The main advantages of the robust model are its ability to handle missing data and its speed. The original model involves a non-convex optimization which can make parameter estimation take too long, especially when many synthetic controls need to be generated. The robust model, on the other hand, utilizes a ridge regression with a scalar regularization parameter, which makes it possible to use singular value decomposition for estimation.

The package currently implements most of the optimizations suggested by Amjad et al for their Algorithm 1 (the non-Bayesian variant), with the notable exception of forward-chaining for hyperparameter selection - the standard train-test split is used instead.

The package is in a very early pre-alpha for now. That is to mean that it works correctly until a commit stops it from doing so until it works again :)

Installation

No distributions are provided yet, so installing directly from the repo is the only option:

pip install git+https://github.com/agoryuno/robust_control

Usage

The main function is get_control(). This takes a panel matrix, with objects in the rows and timestep observations in columns, and a row index of the object you want to estimate a control for and returns the timeseries for the synthetic control, original data passed through a denoising filter and the weights of the synthetic control. See below for full details.

Function get_control()

Given the matrix of values orig_mat and the row index treated_i, computes synthetic controls for each combination of eta and mu for the respective numbers of eta_n and mu_n.

Returns a tensor of dimensions orig_mat.size()[1] by 1 that contains the synthetic control calculated with the best found values of parameters $eta$ and $mu$, and a tensor with the same dimensions, containing the denoised original data for observation treated_i.

Parameters:

orig_mat: np.ndarray The data matrix

treated_i: int The index of the treated object (row)

eta_n: int (optional) The number of values of $eta$ to use

mu_n: Union[int, Literal[False]] (optional) The number of values of $mu$ to use (anything over 5 is useless, default is False which means a single value)

cuda: bool (optional) Whether to use CUDA - CUDA support for SVD in PyTorch is limited so this is best left at default value of False

parts: int (optional) The number of partitions to use for training or False to not use partitions (default is False)

preint: bool (optional) Number of pre-intervention periods to estimate the control on, if False - uses all periods (default is False)

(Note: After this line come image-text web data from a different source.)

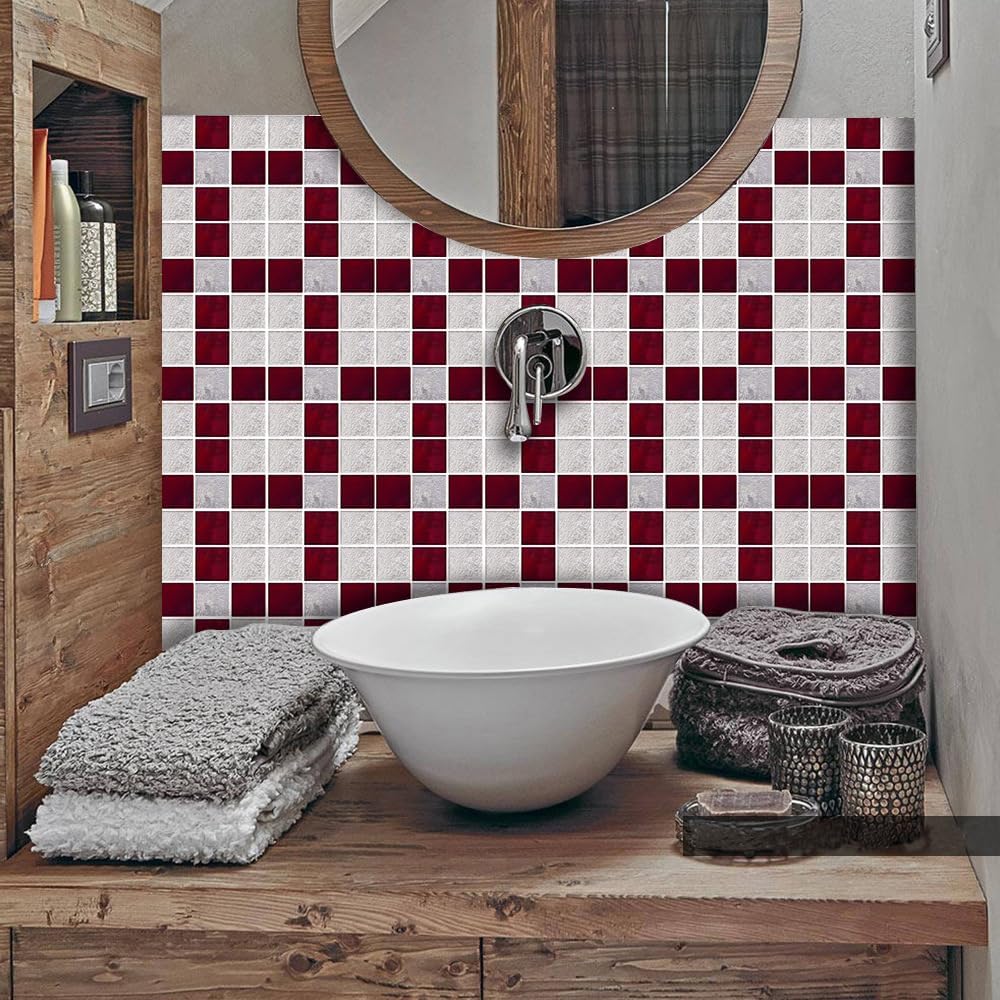 Azulejos de 25 hojas impermeables para despegar y pegar, para cocina, creatividad, azulejos, azulejos autoadhesivos, azulejos de pared, azulejos de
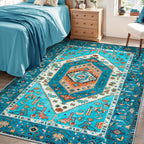 SERISSA 4x6 Washable Non Slip Boho Area Rug for Bedroom，Blue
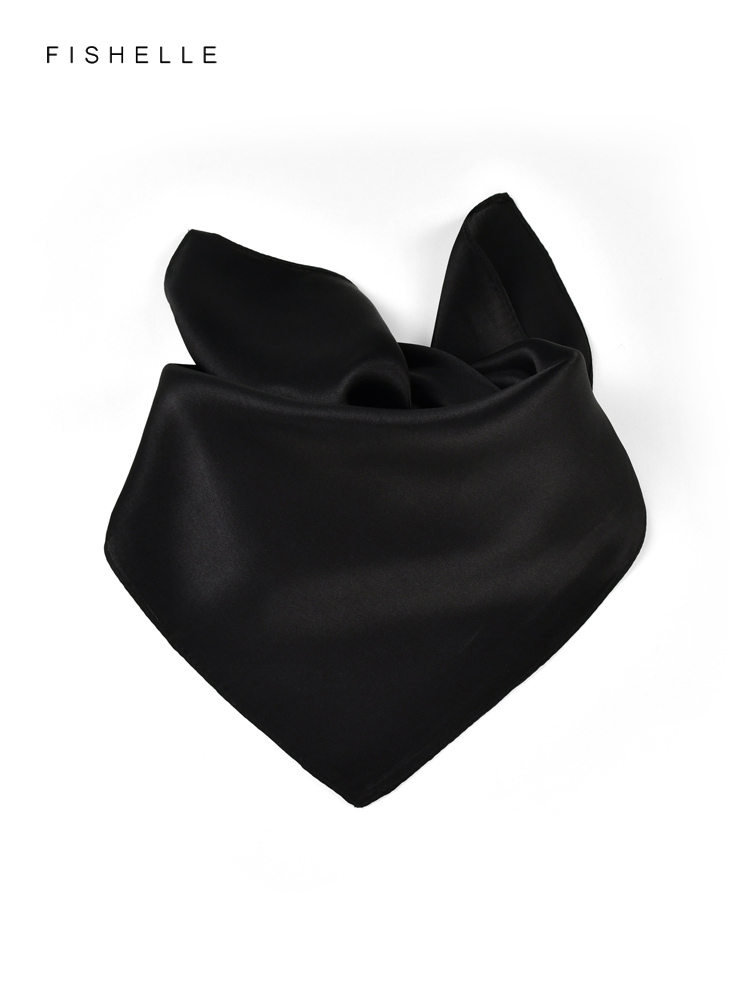 Couleur unie noir pure soie éc - Scarf Silk Square avis et prix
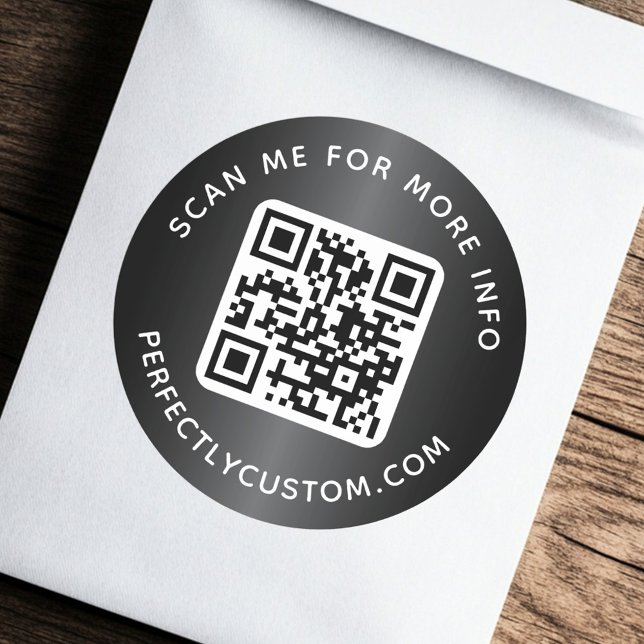Adesivo Texto personalizado do código QR arredondado ao gr (QR code custom text round dark gray gradient Classic Round Sticker)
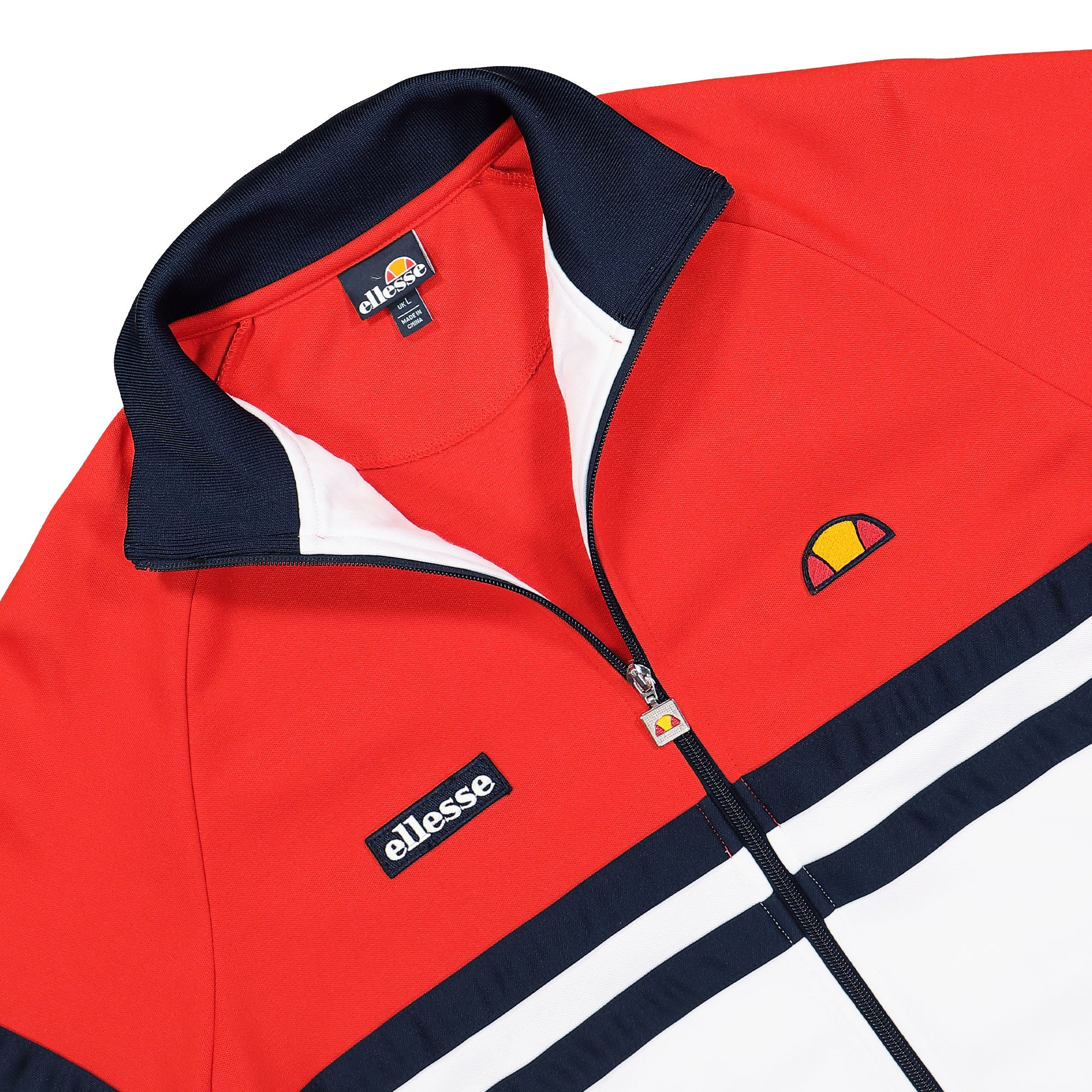 Ellesse Rimini Track Top Red / White / Navy Track Jackets Close-up | Overkill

train: float (optional) The proportion of the data to use for training (default is 0.8)

Returns:

Y1_c: torch.Tensor A tensor of shape (orig_mat.shape[1], 1) containing the synthetic control data for the treated object

Y0_o: torch.Tensor A tensor of shape (orig_mat.shape[1], 1) containing the original data

v: torch.Tensor A tensor of shape (orig_mat.shape[0]-1, 1) containing the weights of the synthetic control. Keep in mind that these weights are calculated for "normalized" data, so applying them to untransformed original data will yield incorrect results. See next for an example of using the weights to calculate the synthetic control.

Using the weights:

This is an example of using the v matrix of weights returned by the get_control() function. Assuming that your original data is in orig_mat and the index of the treated object is treated_i:

from robust_control import get_control, bind_data_b, unbind_data

# Calculate the synthetic control
Y1_c, Y0_o, v = get_control(orig_mat, treated_i)

# Bind the data for untreated objects
dat, a, b = bind_data_b(torch.concat ((orig_mat[:treated_i], orig_mat[treated_i+1:])))

# Apply the weights to `dat`
control = dat.T @ v

# Unbind the data to bring it back to the original scale
control = unbind_data(control, a, b)

Note on CUDA and performance:

Unfortunately, PyTorch's implementation of SVD isn't fully parallelizable on CUDA, so running the estimation on the GPU may actually be slower than on the CPU (see this issue for details: pytorch/pytorch#41306). For that reason CUDA support is disabled by default but remains an option for the future.